Your assignment: The complete set of records below must be repeated precisely as given.

Data records:

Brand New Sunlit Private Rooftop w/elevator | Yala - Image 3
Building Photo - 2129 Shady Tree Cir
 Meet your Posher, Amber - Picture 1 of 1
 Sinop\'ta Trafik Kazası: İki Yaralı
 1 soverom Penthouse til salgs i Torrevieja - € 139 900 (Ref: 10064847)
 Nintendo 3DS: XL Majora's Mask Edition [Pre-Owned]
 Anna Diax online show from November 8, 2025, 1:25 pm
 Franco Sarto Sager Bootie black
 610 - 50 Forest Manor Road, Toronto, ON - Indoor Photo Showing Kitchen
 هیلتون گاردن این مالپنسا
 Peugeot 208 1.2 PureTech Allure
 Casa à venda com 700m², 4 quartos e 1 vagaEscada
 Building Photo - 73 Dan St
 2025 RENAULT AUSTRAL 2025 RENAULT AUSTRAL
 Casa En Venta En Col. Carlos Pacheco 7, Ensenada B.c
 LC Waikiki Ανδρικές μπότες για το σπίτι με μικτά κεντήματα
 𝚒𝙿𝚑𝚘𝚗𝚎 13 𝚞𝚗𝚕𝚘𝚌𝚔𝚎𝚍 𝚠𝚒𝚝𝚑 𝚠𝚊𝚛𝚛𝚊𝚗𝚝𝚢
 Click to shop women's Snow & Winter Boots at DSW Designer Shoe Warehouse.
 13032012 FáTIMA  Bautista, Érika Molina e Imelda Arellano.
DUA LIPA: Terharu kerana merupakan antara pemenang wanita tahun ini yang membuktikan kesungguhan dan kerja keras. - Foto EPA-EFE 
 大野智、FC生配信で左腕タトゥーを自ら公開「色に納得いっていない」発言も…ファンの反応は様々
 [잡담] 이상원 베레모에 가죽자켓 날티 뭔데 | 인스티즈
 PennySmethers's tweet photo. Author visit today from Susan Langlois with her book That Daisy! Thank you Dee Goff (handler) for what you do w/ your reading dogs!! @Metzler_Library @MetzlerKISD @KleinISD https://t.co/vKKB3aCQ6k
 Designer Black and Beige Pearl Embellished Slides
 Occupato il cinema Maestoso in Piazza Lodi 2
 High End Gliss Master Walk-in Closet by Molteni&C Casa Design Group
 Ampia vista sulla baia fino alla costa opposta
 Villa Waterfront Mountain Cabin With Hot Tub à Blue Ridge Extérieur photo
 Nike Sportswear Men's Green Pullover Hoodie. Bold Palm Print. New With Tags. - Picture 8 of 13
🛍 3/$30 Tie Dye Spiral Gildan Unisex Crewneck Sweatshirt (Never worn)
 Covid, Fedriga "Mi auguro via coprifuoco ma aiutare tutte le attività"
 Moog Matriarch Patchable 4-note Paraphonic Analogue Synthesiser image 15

Your response:
Brand New Sunlit Private Rooftop w/elevator | Yala - Image 3
Building Photo - 2129 Shady Tree Cir
 Meet your Posher, Amber - Picture 1 of 1
 Sinop\'ta Trafik Kazası: İki Yaralı
 1 soverom Penthouse til salgs i Torrevieja - € 139 900 (Ref: 10064847)
 Nintendo 3DS: XL Majora's Mask Edition [Pre-Owned]
 Anna Diax online show from November 8, 2025, 1:25 pm
 Franco Sarto Sager Bootie black
 610 - 50 Forest Manor Road, Toronto, ON - Indoor Photo Showing Kitchen
 هیلتون گاردن این مالپنسا
 Peugeot 208 1.2 PureTech Allure
 Casa à venda com 700m², 4 quartos e 1 vagaEscada
 Building Photo - 73 Dan St
 2025 RENAULT AUSTRAL 2025 RENAULT AUSTRAL
 Casa En Venta En Col. Carlos Pacheco 7, Ensenada B.c
 LC Waikiki Ανδρικές μπότες για το σπίτι με μικτά κεντήματα
 𝚒𝙿𝚑𝚘𝚗𝚎 13 𝚞𝚗𝚕𝚘𝚌𝚔𝚎𝚍 𝚠𝚒𝚝𝚑 𝚠𝚊𝚛𝚛𝚊𝚗𝚝𝚢
 Click to shop women's Snow & Winter Boots at DSW Designer Shoe Warehouse.
 13032012 FáTIMA  Bautista, Érika Molina e Imelda Arellano.
DUA LIPA: Terharu kerana merupakan antara pemenang wanita tahun ini yang membuktikan kesungguhan dan kerja keras. - Foto EPA-EFE 
 大野智、FC生配信で左腕タトゥーを自ら公開「色に納得いっていない」発言も…ファンの反応は様々
 [잡담] 이상원 베레모에 가죽자켓 날티 뭔데 | 인스티즈
 PennySmethers's tweet photo. Author visit today from Susan Langlois with her book That Daisy! Thank you Dee Goff (handler) for what you do w/ your reading dogs!! @Metzler_Library @MetzlerKISD @KleinISD https://t.co/vKKB3aCQ6k
 Designer Black and Beige Pearl Embellished Slides
 Occupato il cinema Maestoso in Piazza Lodi 2
 High End Gliss Master Walk-in Closet by Molteni&C Casa Design Group
 Ampia vista sulla baia fino alla costa opposta
 Villa Waterfront Mountain Cabin With Hot Tub à Blue Ridge Extérieur photo
 Nike Sportswear Men's Green Pullover Hoodie. Bold Palm Print. New With Tags. - Picture 8 of 13
🛍 3/$30 Tie Dye Spiral Gildan Unisex Crewneck Sweatshirt (Never worn)
 Covid, Fedriga "Mi auguro via coprifuoco ma aiutare tutte le attività"
 Moog Matriarch Patchable 4-note Paraphonic Analogue Synthesiser image 15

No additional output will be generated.